Sleeping rough on the streets, he was spiraling down into a world of despair and attempted to commit suicide. Taken in by a prostitute who gave him a share of the money she earned, Thompson later said that she had saved him from a desperate end. In 1888, his luck changed a little when some of his poetry was published in Merrie England, a small press literary magazine of the time. The publication was run by a couple who, judging that he had some talent, decided to send him to the Our Lady of England Priory to recover from his opium addiction.
The poem The Hound of Heaven was often recited by school children in the years after Thompson’s death, a tale of a lost soul being pursued by God. The poem is all the more startling in that he was such a troubled person, still battling his addiction and ill health. Between 1893 and ’97, he published three collections including Poems, Sister Songs and New Poems.
Poems attracted attention immediately and included the work The Hound of Heaven, which was adored by many critics of the time, and The Kingdom of God. Among those who were enamored of his work were the fantasy novelist and poet J.R.R. Tolkien and G.K. Chesterton who thought his death was a huge loss to the world of poetry.

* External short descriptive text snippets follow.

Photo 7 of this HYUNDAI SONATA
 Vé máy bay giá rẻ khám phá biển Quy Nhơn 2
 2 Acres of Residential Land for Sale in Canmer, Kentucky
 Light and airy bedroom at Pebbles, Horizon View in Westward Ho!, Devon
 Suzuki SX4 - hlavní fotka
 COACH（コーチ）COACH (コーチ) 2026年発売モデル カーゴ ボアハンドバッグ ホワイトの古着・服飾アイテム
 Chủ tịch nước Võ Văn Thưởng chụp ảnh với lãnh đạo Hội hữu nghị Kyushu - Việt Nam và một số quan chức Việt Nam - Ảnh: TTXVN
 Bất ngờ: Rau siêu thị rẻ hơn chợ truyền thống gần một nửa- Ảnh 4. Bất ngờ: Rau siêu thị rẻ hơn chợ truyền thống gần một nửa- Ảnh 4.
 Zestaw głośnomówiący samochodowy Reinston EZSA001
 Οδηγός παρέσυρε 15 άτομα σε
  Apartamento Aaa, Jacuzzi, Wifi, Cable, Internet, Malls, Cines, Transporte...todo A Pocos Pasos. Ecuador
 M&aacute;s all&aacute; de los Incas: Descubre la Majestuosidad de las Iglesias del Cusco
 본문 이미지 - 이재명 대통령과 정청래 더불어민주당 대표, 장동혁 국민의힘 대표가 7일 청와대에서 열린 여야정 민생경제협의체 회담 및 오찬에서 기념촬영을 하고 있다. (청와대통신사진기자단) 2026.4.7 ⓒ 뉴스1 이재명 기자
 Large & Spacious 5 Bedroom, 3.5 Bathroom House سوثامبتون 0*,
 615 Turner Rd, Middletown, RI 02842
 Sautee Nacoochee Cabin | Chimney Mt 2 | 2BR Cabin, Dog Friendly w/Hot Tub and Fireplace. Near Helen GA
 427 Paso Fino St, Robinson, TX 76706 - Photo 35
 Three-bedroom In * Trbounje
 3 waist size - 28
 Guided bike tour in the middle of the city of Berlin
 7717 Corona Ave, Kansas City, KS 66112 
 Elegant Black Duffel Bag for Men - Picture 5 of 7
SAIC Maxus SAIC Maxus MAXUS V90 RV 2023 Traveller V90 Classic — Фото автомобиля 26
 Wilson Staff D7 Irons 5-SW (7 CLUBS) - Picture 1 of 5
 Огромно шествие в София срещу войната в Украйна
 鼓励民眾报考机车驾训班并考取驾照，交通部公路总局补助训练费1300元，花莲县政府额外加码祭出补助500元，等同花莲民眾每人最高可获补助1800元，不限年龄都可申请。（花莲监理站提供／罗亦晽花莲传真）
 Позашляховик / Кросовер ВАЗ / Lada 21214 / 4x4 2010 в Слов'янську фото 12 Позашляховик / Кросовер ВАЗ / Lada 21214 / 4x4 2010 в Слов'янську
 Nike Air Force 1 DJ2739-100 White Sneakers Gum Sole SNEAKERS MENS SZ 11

It is often said that Thompson combined the detached passion of Shelley with the raw emotion of Crashaw and that most of his inspiration came from the hardships of his life when he was a slave to opium and virtually penniless on the streets of London. He was often seen as the poet’s poet, a sensitive man who used sharp imagery. His collection Sister Songs was written in appreciation of the children of his mentors and saviors, the Meynells, and garnered as much praise as his first work.
It is true to say though, that the poet struggled for most of his life from debilitating health problems and his early addiction to opiates. In later years he suffered from tuberculosis and in 1907 it took his life. Thompson was 47 at the time.